Before September becomes a blur of harvest dust, election mud and campaign slurs, it’s time to catch up on some of the characters who have waltzed through this space.
Starting place. Let’s start with former Secretary of Agriculture Dan Glickman, the nine-term Kansas congressman who led the U.S. Dept. of Agriculture from 1995 to 2001.
On Sept. 1, Glickman departs Harvard’s Kennedy School of Government to head of the Motion Picture Association of America, one of the softest, loftiest lobbying seats in Washington, D.C.
Lest anyone think this son of Wichita scrap metal dealer and noted ag-head is Hollywood window dressing on the Potomac, two facts on Glickman.
One, he is a lawyer and expert on copyright, the movie biz’s overriding concern in this age of internet downloads.

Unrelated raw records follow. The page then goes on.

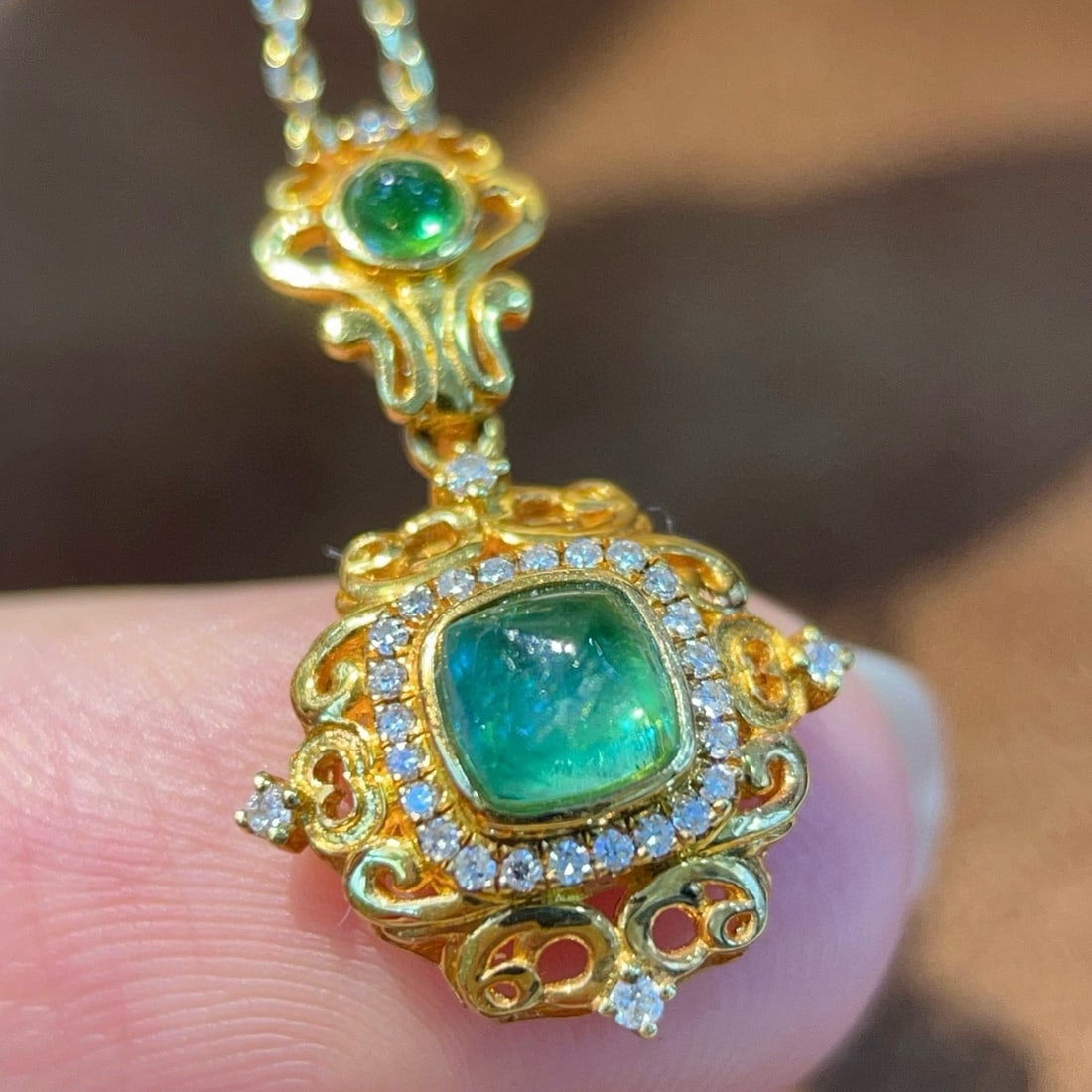 14k Gold 0.77 Ctw Natural Emerald & Diamond Pendant( Without Chain ) - 3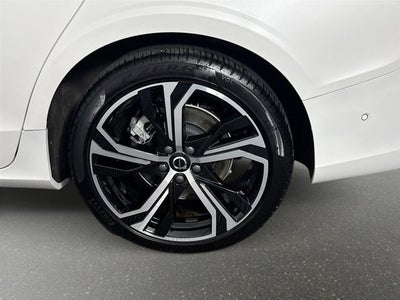 2025 Volvo S60 Plus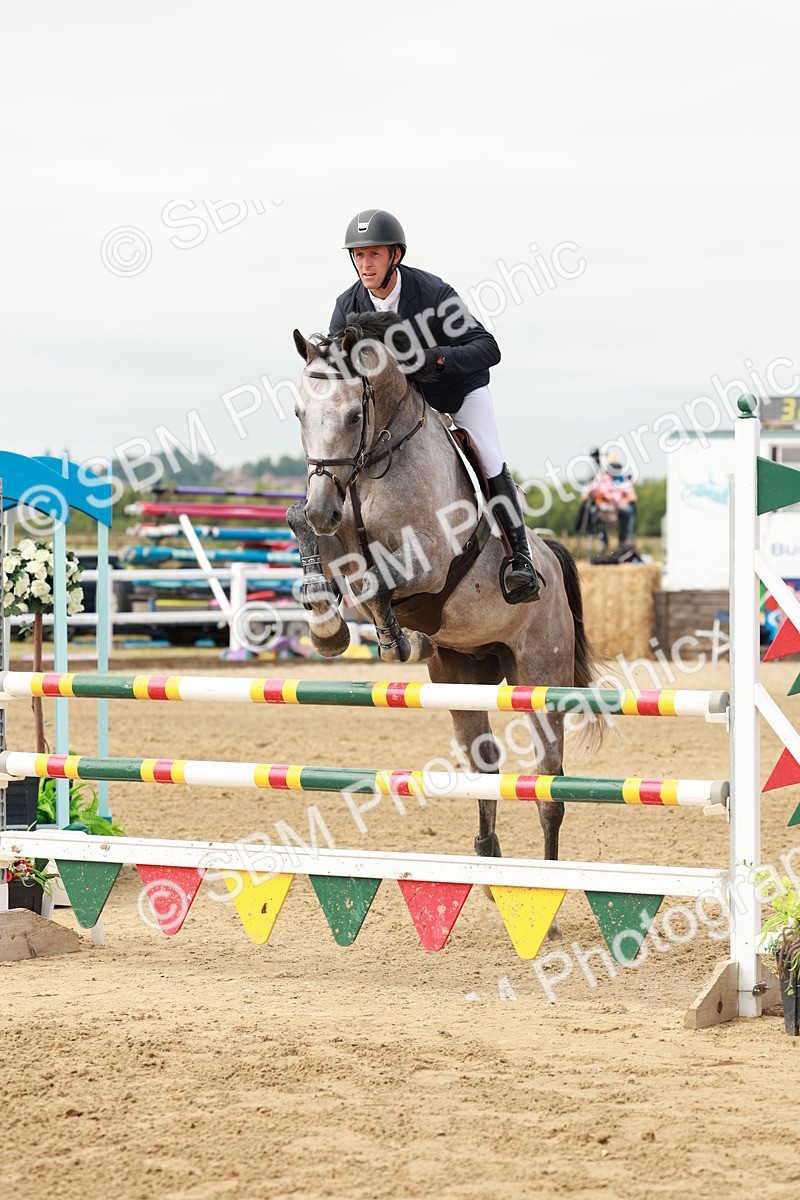 SBM_016873 - Class 20 - Senior Newcomers - 1.10m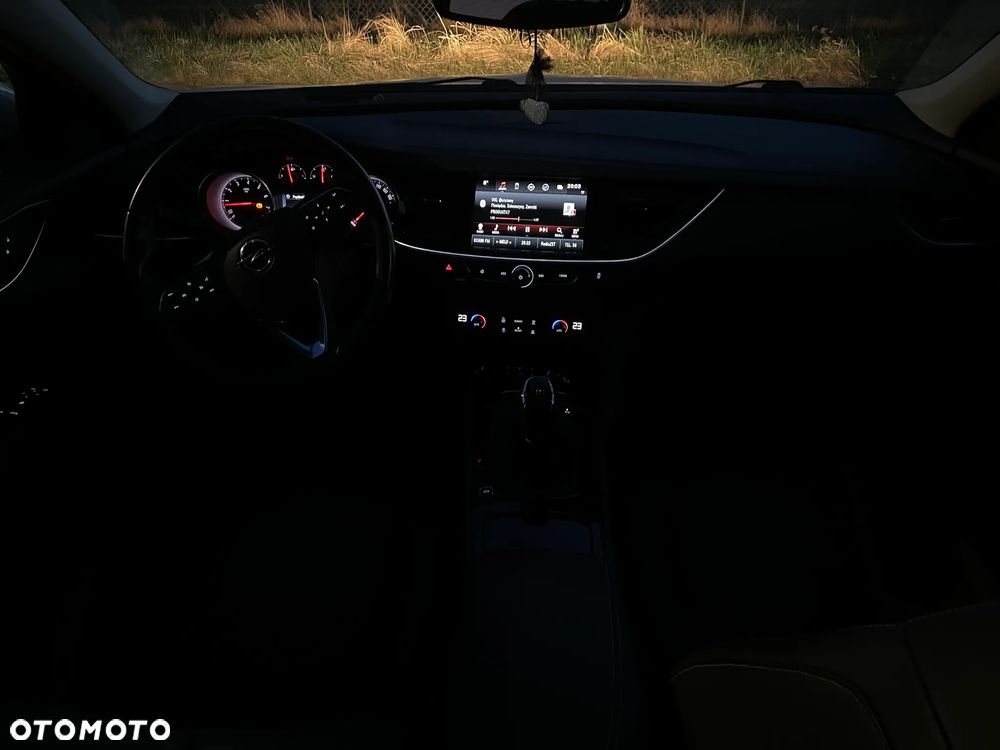 Opel Insignia 1.5 T Elite S&S - 27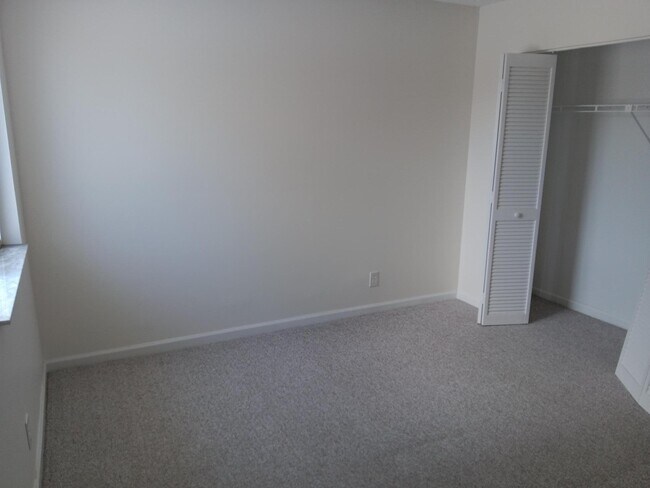 Building Photo - 23157 Fountain View Dr
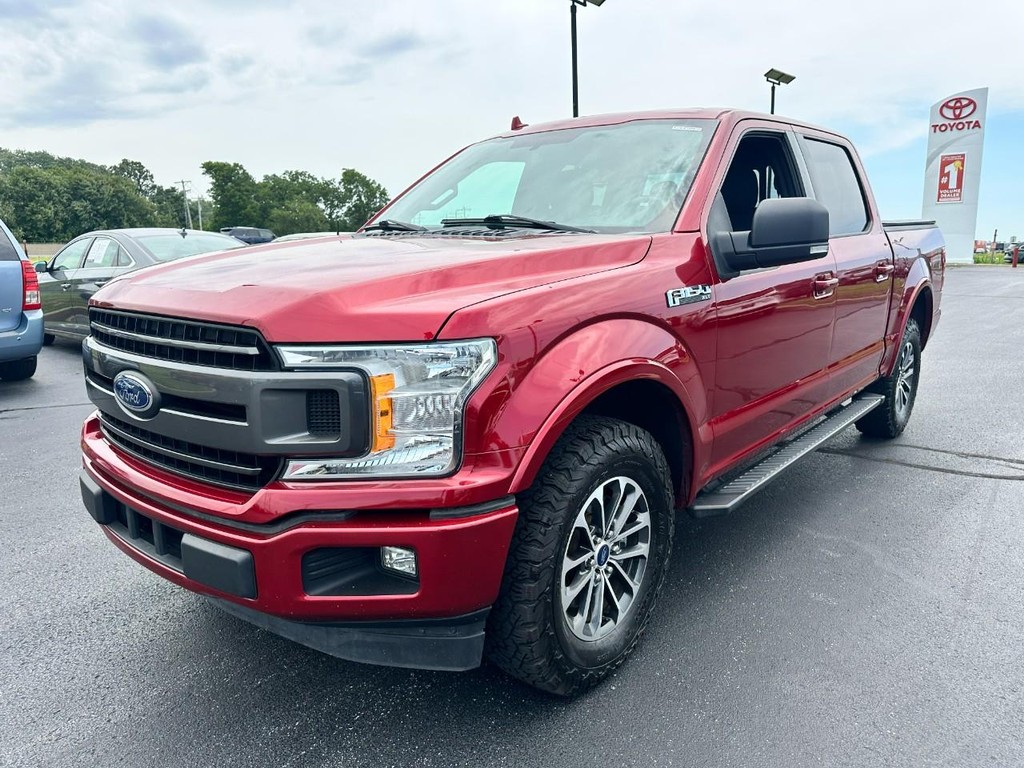 Ford F-150 Vehicle Full-screen Gallery Image 08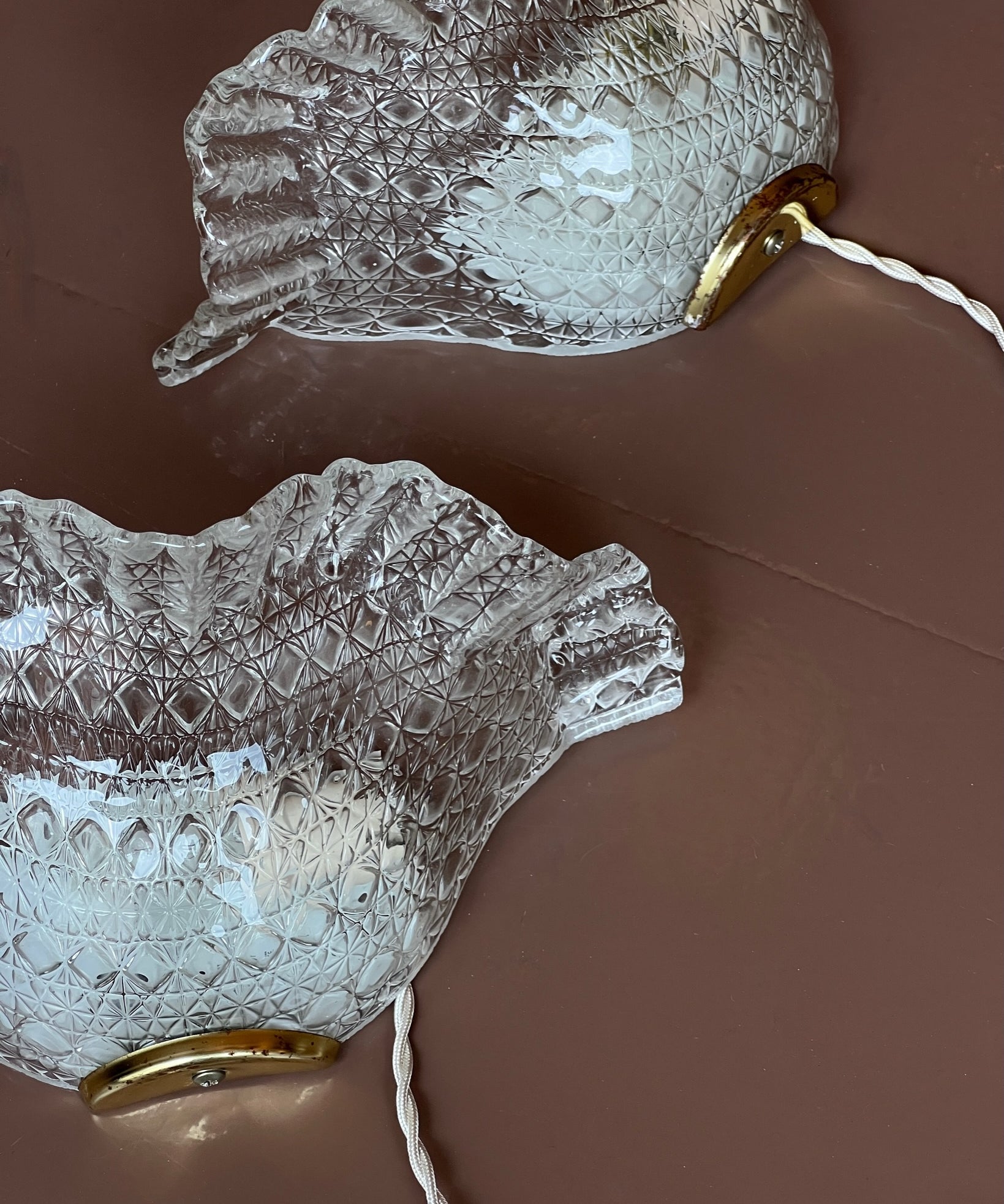 Vintage clear Murano shell wall lamp (2 available)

And two, son Jonathon has a dozen movies to his credit as an up-and-coming West Coast film producer.
Glickman’s well-greased connections in Washington and legal expertise will pay off big.
His reported salary will be a handsome $1.5 million per year, or about 10 times his old USDA paycheck.
Back at the ranch. Meanwhile back on the ranch, Glickman’s old Kansas colleague and fellow House Ag Committee alumnus, Republican Sen. Patrick Roberts, is making news of his own.
Roberts, chairman of the Senate’s Select Committee on Intelligence, just announced plans to radically restructure America’s global spy efforts.
The Roberts’ plan was met with kudos and boos alike, just as his last great restructuring of a massive government program, 1996’s Freedom to Farm, was greeted.
Back then, Roberts, chairman of the House Ag Committee, muscled his Farm Bill through a Republican Congress with help from Democrats, notably then-Secretary Glickman.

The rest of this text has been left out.